Task – Beginning with the line that holds "coffee beans heap" in the data below, give again every line through the one that holds "Cabujón de cornalina", exactly as written.

Task input –
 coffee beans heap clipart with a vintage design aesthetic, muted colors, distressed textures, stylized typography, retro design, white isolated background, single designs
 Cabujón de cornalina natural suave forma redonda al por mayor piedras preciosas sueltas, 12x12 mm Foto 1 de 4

* * *

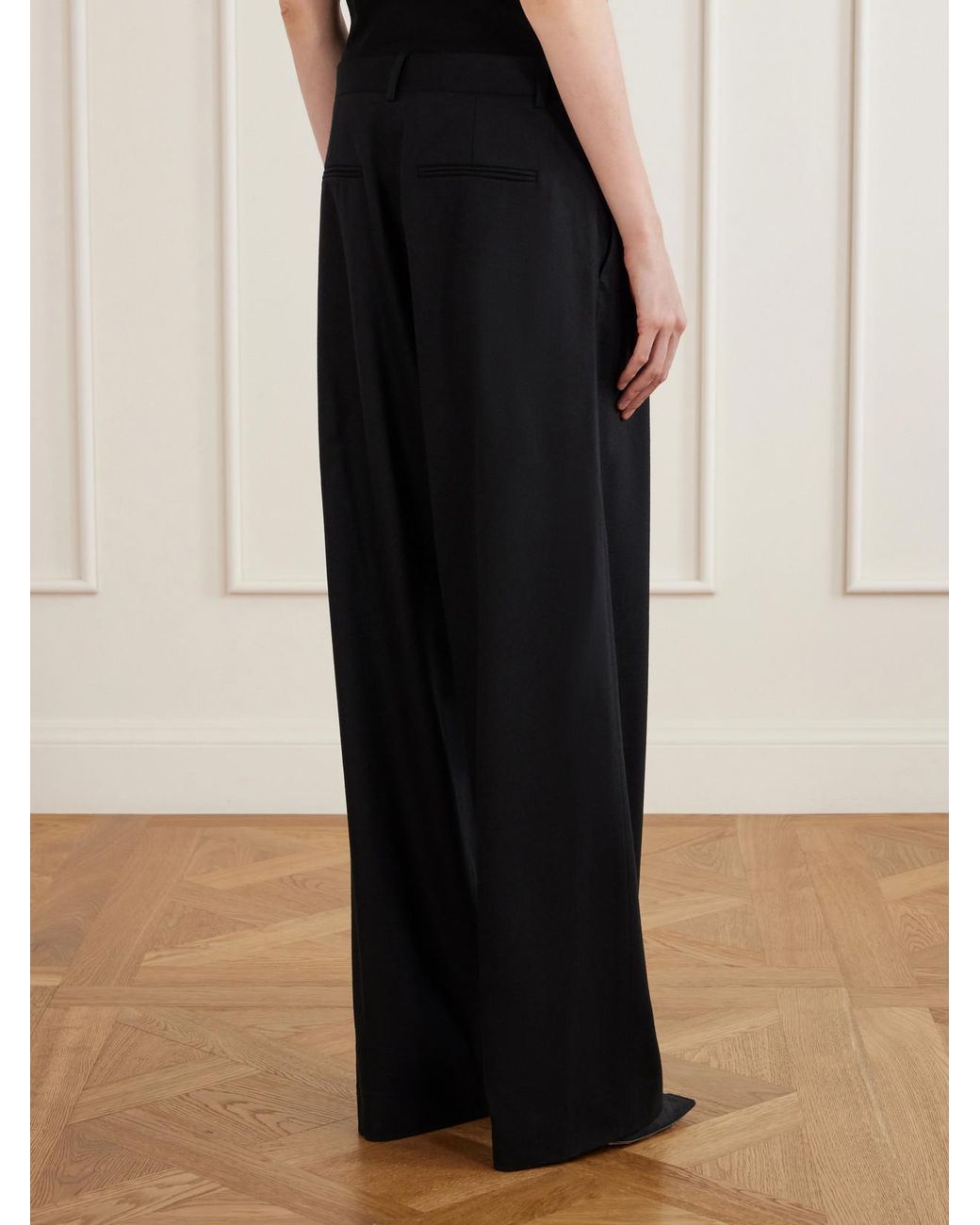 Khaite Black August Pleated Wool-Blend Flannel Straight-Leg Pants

Response box –
 coffee beans heap clipart with a vintage design aesthetic, muted colors, distressed textures, stylized typography, retro design, white isolated background, single designs
 Cabujón de cornalina natural suave forma redonda al por mayor piedras preciosas sueltas, 12x12 mm Foto 1 de 4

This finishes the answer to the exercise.